Brad Buckley

Artspace, Sydney
30 October – 22 November 2003

The object reproduced for the invitation of this exhibition, and then painted huge on the wall of the gallery in simplified cartoon-like contours, is an intriguing contraption. Neither stool nor settee, the grace of its gold ormolu and delicate silk upholstery seem at odds with two things that spring like antennae and, below, what look a lot like stirrups. Before I visited Brad Buckley’s installation, Etiquette, I stared at the thing over and over again, and must say, found it pleasantly unfamiliar. Was it some aristocratic conceit? A sculpture perhaps, or some Koonsian mock-Baroque remake? Almost right. It is what was known in French nineteenth century bordellos as a seige d’amour, a ‘love seat’, more properly known in Britain as a ‘rogering chair’, a custom-built device used in brothels that was literally an ornate harness used to keep women in position while clients did their business. Whether you choose to grimace or snigger at this, such images for Buckley are specifically encoded, emblems which are to do with the exchange of power.

Etiquette was chamber red on the outside and densely black within. Before entering, you met a trio of suspended red sheets, like the generic signs of authoritarianism. Around each of the two pylons that divided the space inside were white neon hoops placed just below waist height. The far wall was filled with a text relating some pornographic male fantasy. Part of it read, ‘she knew I had always wanted to fuck her and perhaps tonight was the night. There was only one catch, which was she wanted to piss in my mouth first’. You were abruptly transported into frivolous libertinage. Buckley uses sex as the site for the articulation of power, since sex is what is both primordial and socially inscribed with taboos, that is, simultaneously ever-present and concealed. While sex is what, biologically speaking, makes us, it is also the activity richest in metaphors and behavioural expectation, hence etiquette.

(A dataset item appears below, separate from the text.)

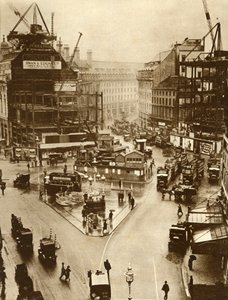 Lavori di costruzione a Piccadilly Circus a Londra da Unbekannt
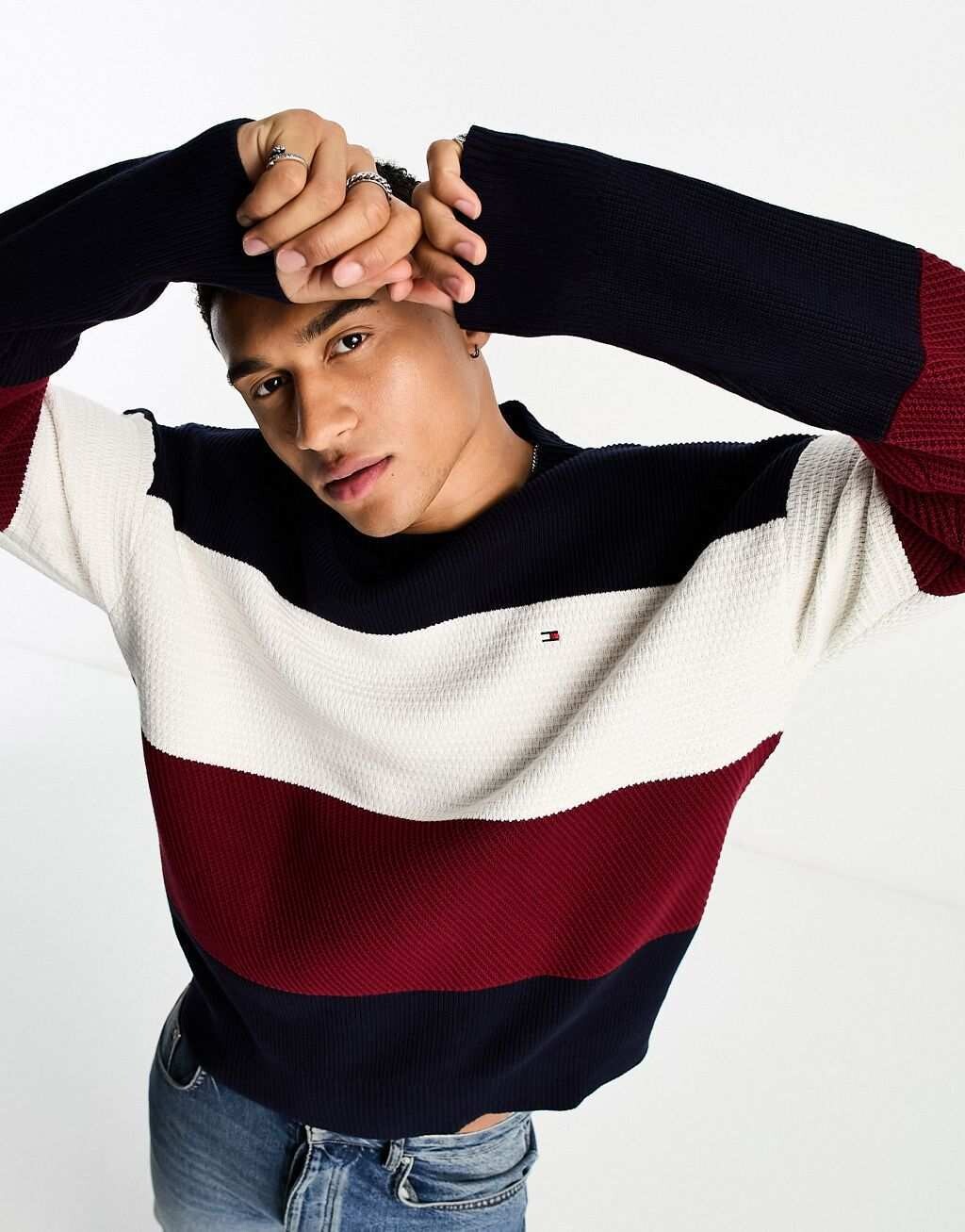 

Синий фактурный джемпер с круглым вырезом в стиле колор-блок Tommy Hilfiger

For Buckley, since everyone is haunted by covert desires of possession—or even sexual defilement—which far fewer of us end up realising, the psychology of seduction is the fundamental scene of political exchange. Seduction is traditionally an insidious strategy of attraction which suggests a corrupting influence on a chaste body or mind. The art and literature of the eighteenth century, ironically the century that witnesses some of the most major shifts in the distribution of individual power, is rife with the intrigues of debaucher on debauchee. The art of seduction, which is the point that Buckley takes up, lies in a series of ruses which lull the object of seduction into the delusion of trust. Once the seducer has taken what he wants, recourse is impossible. This is the relationship Buckley draws upon in this work, the concerns of which, although general and cross-cultural, are in this instance specifically related to Howardite politics and the Iraqi war.

The skill in the tone and tenor of Buckley’s text was the way it anticipated literal reading, and therefore a misrecognition that drew attention to people’s habitual prejudices. The buggering chair alluded to the fact that we are presently being held down and fucked by the right; the symbol of impotence against leaders whose concept of strength is aggression and arrogant denial. Buckley’s language of seduction can refer to the way the Iraqi war was delivered to us as something resembling a serialised wartime drama, or how the media is instructed to deliver messages which attempt to divert attention away from national anxiety, or political disquiet.

You knew in this installation that you were positioned within something with a discrete purpose. The dense black walls, interrupted only by two forms in white outline and the white text, bore no semblance to anything familiar or natural. Adding to the many ironies which the installation was built upon, the word used to identify the particular sort of white neon is named after another chaste heroine, Snow White, and is a glow characterised by its particular deadness. Everything about the exhibition appeared impeccably but exhaustively processed, a synthetic excess the bodily counterpart of which is the society dame who has surgically altered her body beyond recognition, or the repeat effect of pornography, which is to divorce the sexual act from any sense of humanity or compassion. The undercurrent of violence which flowed through the space was made palatable because of its sardonic edge, like a jester’s touch which abides by the maxim that many a true word is spoken in jest.

When you turned to leave, you encountered a mixed duality on either side. To the left, another white gargantuan outline of coitus; wryly in keeping with the text, the woman’s form is on top, though the power-relation is ambiguous since the exact nature of penetration is left open. To the right of the exit, at shoe-level, in block capitals, was the declaration, ‘WAR IS PEACE’. Buckley, an outspoken advocate of Republicanism, is a rare artist who ardently seeks to expose the perversions of power, and to express aversions in the name of those who, despite a democracy, are silenced. President Bush, after all was elected by a numerical minority. We can do nothing to prevent an unprovoked attack on a sovereign state. The aim of Buckley’s work is not to pose solutions, rather its semantics expose more clearly the side the viewer is on: some of us may empathise with the feeling of collective political buggery, others, insensate, may just let out a loud guffaw.